But how unreasonable is it to seat a child in a chair so high that his feet cannot reach the floor; and so constructed that there is no outer place on which the feet can rest. What adult would be willing to sit in so painful a posture, with his legs dangling? No wonder children dislike to sit much, in such circumstances. And it is a great blessing to both parent and child that they do. No wonder children hate the Sabbath, especially in those families where they are compelled to keep the day holy by sitting motionless! Sabbath schools, though they bring with them some evil along with a great deal of good, are a relief to the young in this particular—especially if their seats are more comfortable elsewhere than at home. They consider it much more tolerable to spend the morning and intermission of the day in going and returning from Sabbath school, than in constant and close confinement. They prefer variety, and the occasional light and air of heaven, to monotony and seclusion and silence.
It happens, however, that the seats at the Sabbath school and at church, are not always what they should be; nor, so far as church is concerned, do I see that this evil can be wholly avoided. Children usually sit with their parents, in the sanctuary—and they ought to do so: and the height of the seats cannot, of course, accommodate both. If there is a building erected solely for the use of the Sabbath school, the seats may be constructed accordingly, without seriously incommoding anybody; but in the church, I do not see, as I have once before observed, how the evil can be remedied.
The greatest trouble in regard to seats, however, is at the day school; especially in our district or common schools. There, it is usual for children to be confined six hours a day—and sometimes two in succession—to hard, narrow, plank seats, a large proportion of which are without backs, and raised so high that the feet of most of the pupils cannot possibly touch the floor. There, “suspended,” as I have said in another work, [Footnote: See a “Prize Essay,” on School Houses, page 7.] “between the heavens and the earth, they are compelled to remain motionless for an hour or an hour and a half together.”
I have also shown, in the same essay, that in regard to the desks, and indeed many other things which pertain to, or are connected with the school, very little pains is taken to provide for the physical welfare or even comfort of the pupils; and that a thorough reform on the subject appears to be indispensable.

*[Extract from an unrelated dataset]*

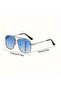 Women's Sunglasses Blue - 4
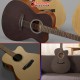 Yamaha FSX400C Smoky Black Electric Acoustic Guitar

When I speak of hard plank seats, let me not be understood as hinting at the necessity of cushions. When I wrote the essay above mentioned, I did indeed believe that they were desirable. But I am now opposed to their use, either by children or adults, even where a laborious employment would seem to demand a long confinement to this awkward and unnatural position. If our seats are cushioned, we shall sit too easily. I believe that our health requires a hard seat; because its very hardness inclines us to change, frequently, our position.